## AVAILABLE RECORDS
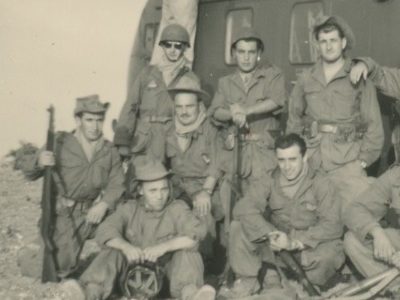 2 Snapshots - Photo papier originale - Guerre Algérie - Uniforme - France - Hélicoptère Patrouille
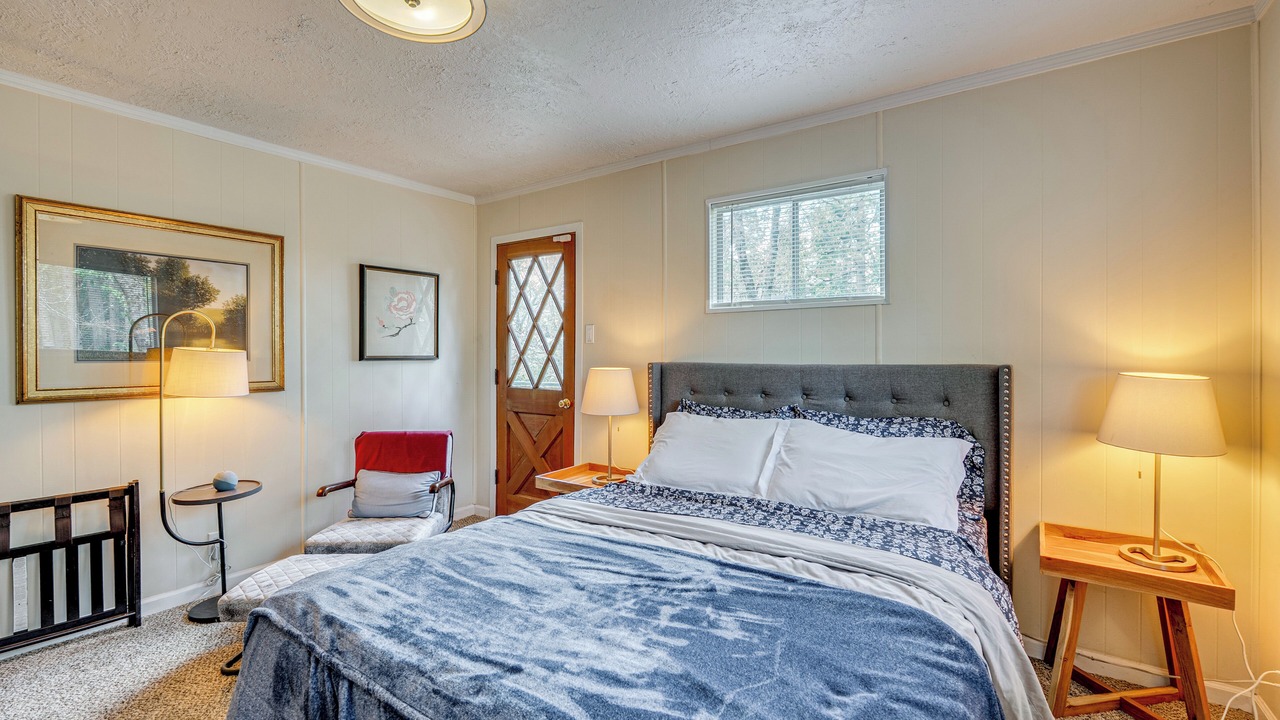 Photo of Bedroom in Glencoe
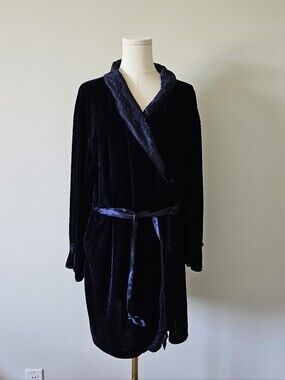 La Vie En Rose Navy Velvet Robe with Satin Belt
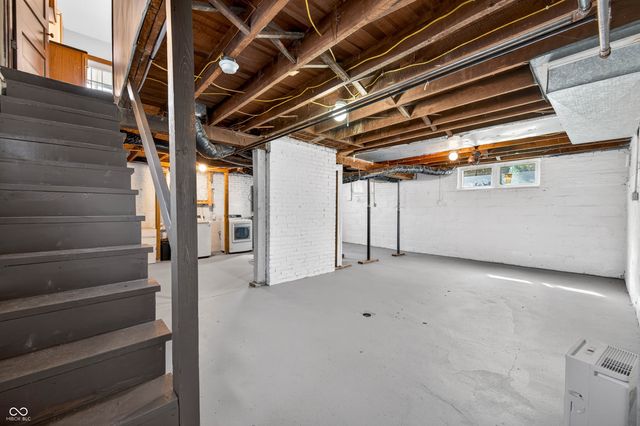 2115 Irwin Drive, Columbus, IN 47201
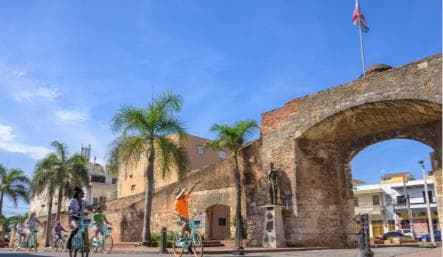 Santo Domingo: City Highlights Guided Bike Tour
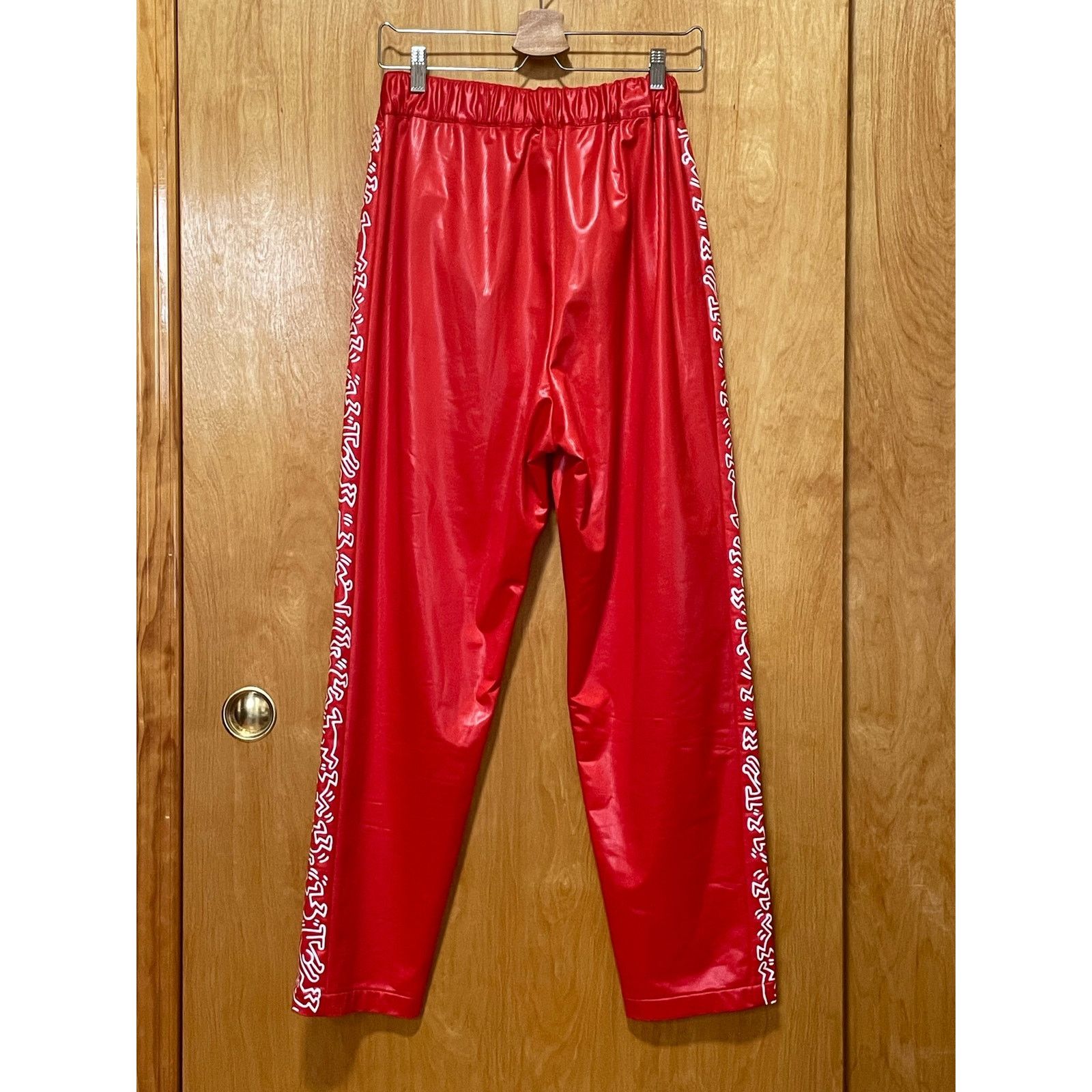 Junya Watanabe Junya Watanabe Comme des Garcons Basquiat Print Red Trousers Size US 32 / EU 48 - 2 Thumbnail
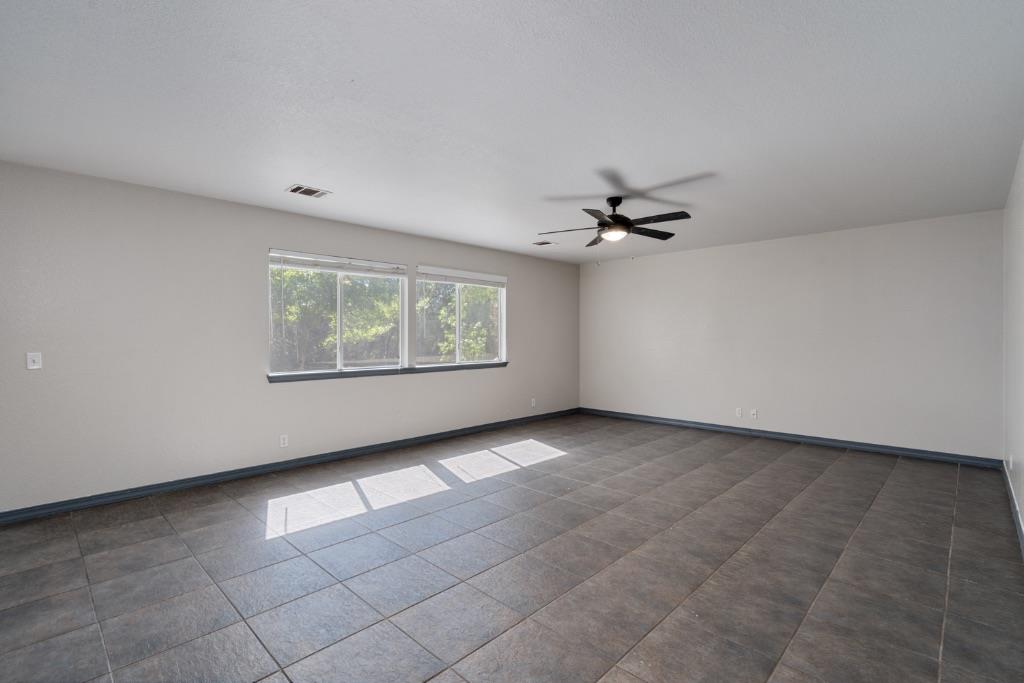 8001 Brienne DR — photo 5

==

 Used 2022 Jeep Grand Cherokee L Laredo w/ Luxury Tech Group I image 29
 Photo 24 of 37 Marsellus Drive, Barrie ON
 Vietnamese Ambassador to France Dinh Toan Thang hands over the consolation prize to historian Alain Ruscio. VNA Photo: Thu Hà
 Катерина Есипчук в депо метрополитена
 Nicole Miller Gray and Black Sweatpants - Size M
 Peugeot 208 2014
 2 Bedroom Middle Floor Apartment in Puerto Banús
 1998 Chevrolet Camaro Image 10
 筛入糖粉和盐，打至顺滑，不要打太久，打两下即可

* * *

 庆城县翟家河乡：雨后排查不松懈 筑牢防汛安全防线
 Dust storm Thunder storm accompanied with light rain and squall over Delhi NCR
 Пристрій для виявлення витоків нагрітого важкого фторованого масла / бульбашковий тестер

## TASK DIRECTIONS
Look through the material above and print exactly the lines from the one containing "2 Bedroom Middle" to the one containing "筛入糖粉和盐，打至顺滑，不要打太久，打两下即可", both included, and nothing more.

## SOLUTION BELOW
 2 Bedroom Middle Floor Apartment in Puerto Banús
 1998 Chevrolet Camaro Image 10
 筛入糖粉和盐，打至顺滑，不要打太久，打两下即可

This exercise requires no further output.